I am about to take a capsule that cost my insurance company $240.90. (Fortunately, it cost me 95 cents.) It's a big capsule, aqua blue and white, emblazoned with a couple of thick fill lines that make me think of a bee's belly. To resolve confusion, the top reads "TEMODAR" -- such service for 240 bones. I'm sitting here trying to find something remarkable, noteworthy even, in the capsule, but it's just a capsule, and I'm just stalling. The remarkable things are the cost, hope and fear; and I'm not feeling qualified to comment on any of those just yet.
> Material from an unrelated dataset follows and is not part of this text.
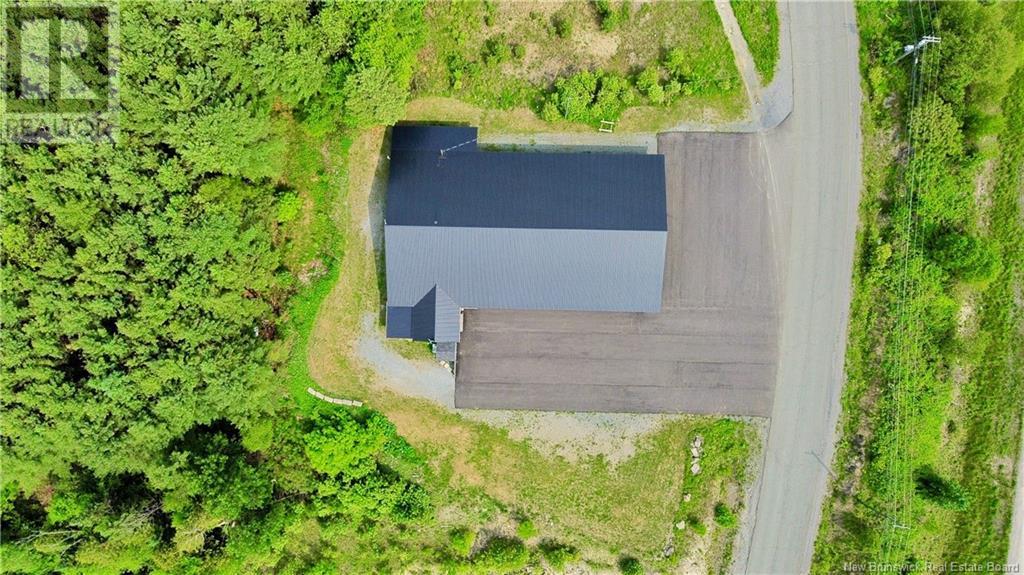 34 Scott Street, Woodstock, New Brunswick  E7M 0C7 - Photo 46 - NB111674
The first dose is always like this. The first time I received chemo -- a fairly toxic old-school combination of cisplatin, mitomycin and adriamycin -- I was terrified. The event felt momentous, and yet there I was sitting in an armchair in a big room looking at other people feeling various unknowable degrees of sadness or boredom or optimism. I worried about throwing up when the drugs hit me, movie style. I worried that the nurses had missed the vein, or that the vein would fall apart allowing caustic chemicals to spew painfully into my body. I worried, ridiculously, that one of these so-called vesicants (scary word) would get loose and I wouldn't realize it quickly enough. The actual event, of course, was efficient and routine: no hurling, not much of anything in public. But one thing felt momentous: Adriamycin is delivered through a "push." A nurse connects syringe to line and looks intently at watch or clock to squeeze the drug in over 90 seconds or so. I sat there staring as the bright red drug moved by infinitesimal degrees into my body. A couple of minutes can seem like a very long time.


I swallowed the Temodar after L. gave the capsule a little pep talk ("Go get that cancer!") and now I'm waiting to see what happens. Like always, I'm inordinately paranoid about side effects. (The pharmacist didn't help. While we were working out our version of the hot dog/hot dog bun conundrum -- I was authorized for 21 Temodars at a time, but only six Zofrans -- I allowed that I hoped I would move on to a less badass anti-emetic. "Yes, but you don't want to throw up a pill that expensive," she said. "Zofran is one thing; losing a dose of Temodar is another." I don't actually want to throw up cheap pills either, but never mind.) My stomach feels jumpy, but it did before I took the drug. Nothing new develops. Eventually, I get bored and decide to sleep. Another first dose finished.